Hamdan also wanted to explore a different internal tension through Mia’s character – a cultural pressure familiar to many women in the region.
“Every Arab woman in particular has a public face and then the private face of how they feel,” Hamdan says. “It's about how we present ourselves on the outside and how we feel on the inside, and then how you align those two things.”
These many contradictions fuelled Hamdan’s debut novel. Even if her literary breakout seems like an overnight success, it was the culmination of a decade spent writing in stolen hours. She needed that fuel.
What Will People Think? was a marathon, persevering past the usual authorial checkpoints of self-doubt and rejection. Even so, Hamdan didn’t seriously considered its publication for a long time.
The novel was merely a respite from the stresses of her work as a New York Times journalist and Google editor spread across multiple time zones, as well as the challenges of raising two children. She never thought writing fiction would ever be more than “a cute hobby.”
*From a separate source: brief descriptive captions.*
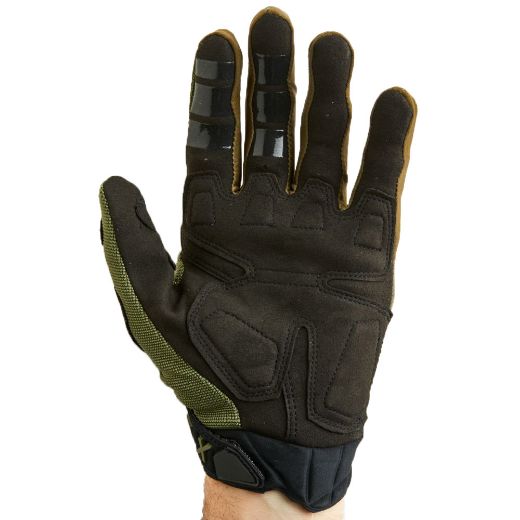 FOX BOMBER FATIGUE GREEN Καλοκαιρινά Γάντια Μηχανής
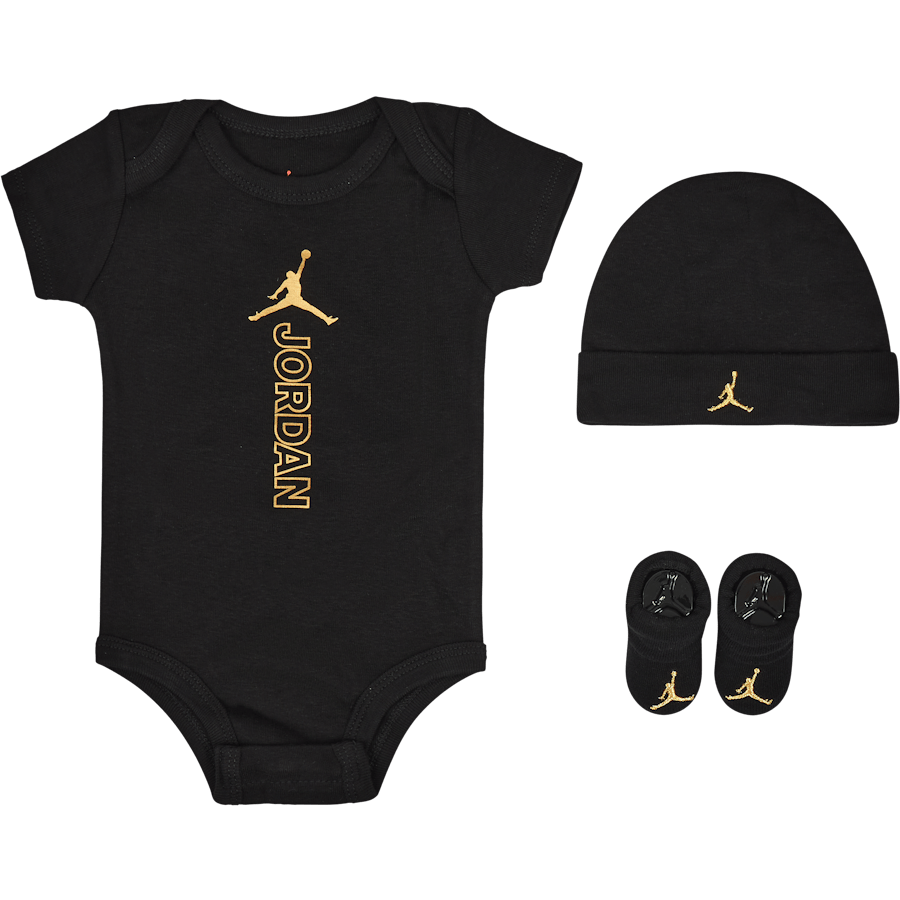 Jhb Black & Gold 3pc Box Set Black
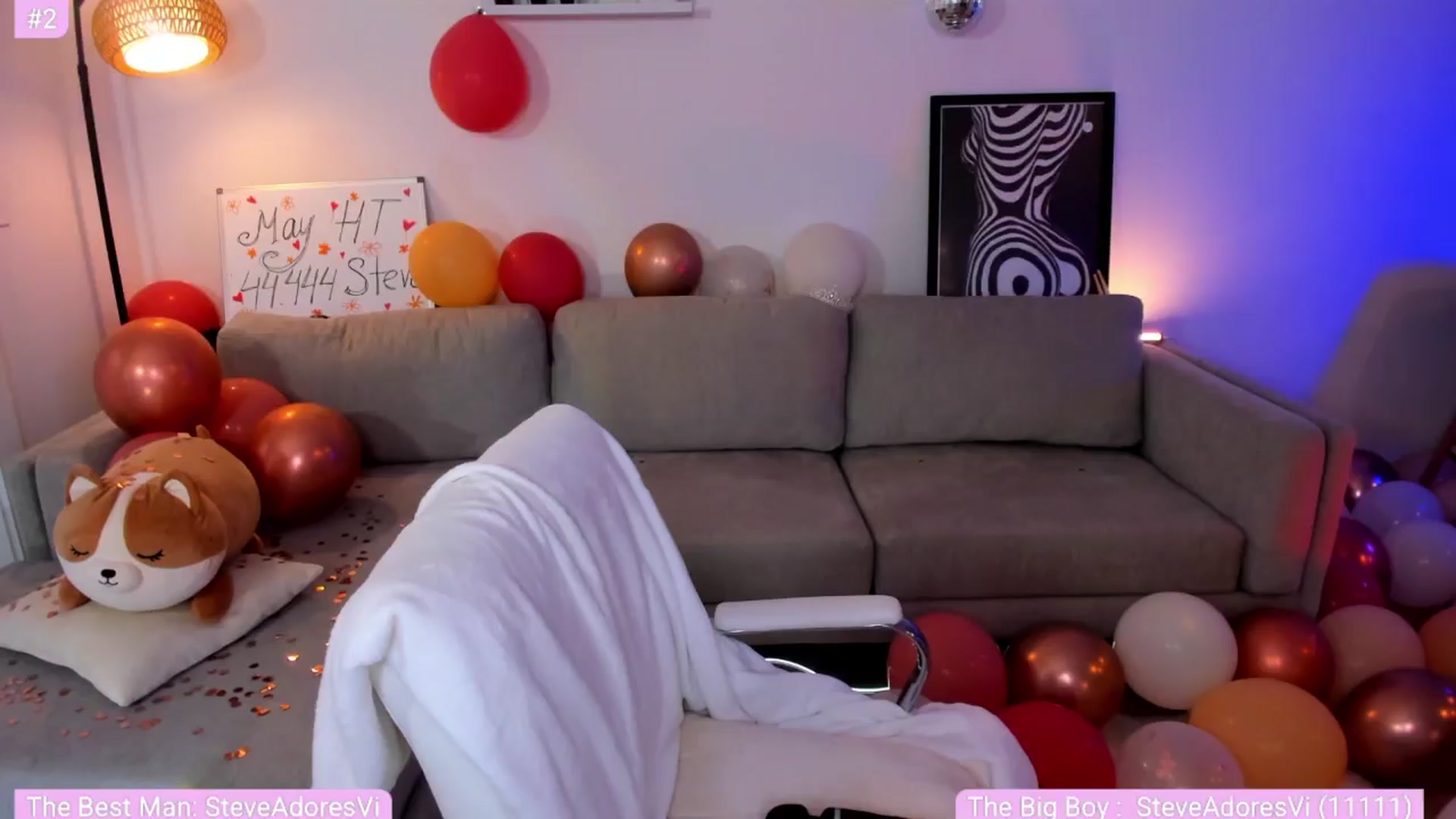 Gallery image thumbnail from Just_Vi's myfreecams stream on, 06/01/2025, 02:56 image 8 of 20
Her family, she says, as well as a series of unexpected opportunities, helped her overcome that mental barricade
In 2021, she was scrolling through Twitter when she came across a competition that was organised by Netflix. She submitted a section of the novel and won. It was a burst of encouragement that kept her going. Still, Hamdan was reluctant about calling herself a novelist. That changed after she participated in the 2023 run of the Emirates Literature Foundation’s Seddiqi First Chapter Fellowship.
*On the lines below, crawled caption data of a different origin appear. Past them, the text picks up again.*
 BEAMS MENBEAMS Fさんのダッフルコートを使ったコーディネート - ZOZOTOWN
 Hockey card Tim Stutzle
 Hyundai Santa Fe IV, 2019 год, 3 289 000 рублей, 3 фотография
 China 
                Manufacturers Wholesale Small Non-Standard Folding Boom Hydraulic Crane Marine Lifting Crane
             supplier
“The fellowship was the reason I began to call myself a writer, even before I became published,” she says. “It didn't happen even with the Netflix award. But this time, I thought to myself, I'm going to be a novelist. I'm going to do this because I felt supported.”
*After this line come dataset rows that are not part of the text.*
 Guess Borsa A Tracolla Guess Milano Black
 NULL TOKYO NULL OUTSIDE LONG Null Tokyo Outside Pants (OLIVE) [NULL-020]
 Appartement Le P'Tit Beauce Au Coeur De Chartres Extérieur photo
The opportunity provided both mentorship as well as a sense of community. The programme paired her with established authors, offered structured feedback and helped transform her “cute hobby” into a serious pursuit. The network of peers, as well as the unwavering support of her family, gave her a sense of confidence to keep developing the novel into what it is today.
The support finally pushed her to a spotlight she never imagined. Earlier this month, What Will People Think? was shown on The Tonight Show Starring Jimmy Fallon and was selected as part of the comedian’s Book Club picks. Hamdan says she had no idea the book would end up on Fallon’s desk.
“In June, my publisher sent me an email saying that The Fallon Book Club had requested copies for them to read, for coverage consideration,” she says. “But we didn’t know what that meant.”
She only realised when she stumbled across Fallon’s Instagram post. “Last week I woke up, and I was just scrolling through Instagram, and the first thing that came up in my feed was Jimmy Fallon, and I remember thinking, ‘oh, I guess that means I didn’t make it, because my publisher would have told me’. So I just thought, let me see which books made it. So he holds the first one up. And then I look closer and I see mine on the side. And then I’m like, rubbing my eyes. And then he pulls mine. I’m like, ‘oh my God’.”
The news spread quickly. “It was just a total surprise. And then it felt like a wedding day, Christmas all rolled into one, because I just started getting messages from like, my friends and former colleagues and teachers I had in middle school. It felt like a big validation.”
While the moment was certainly a personal victory for Hamdan, it also is an encouraging sign that more Palestinian stories were entering mainstream Western media.
“I think it’s a signal to the market, you know, like this big pop culture icon is saying, ‘pay attention to this’, and it’s in his top five.”
Her novel’s presence on The Tonight Show proved that Palestinian characters, often relegated to the margins or exclusively confined to stories of conflict, could thrive in a romantic comedy, to tell jokes and fall in love even as they carried the weight of their history.
“We are more than our trauma, and it’s a hard thing to balance,” she says. “We are allowed to laugh. Joy is a basic human right.”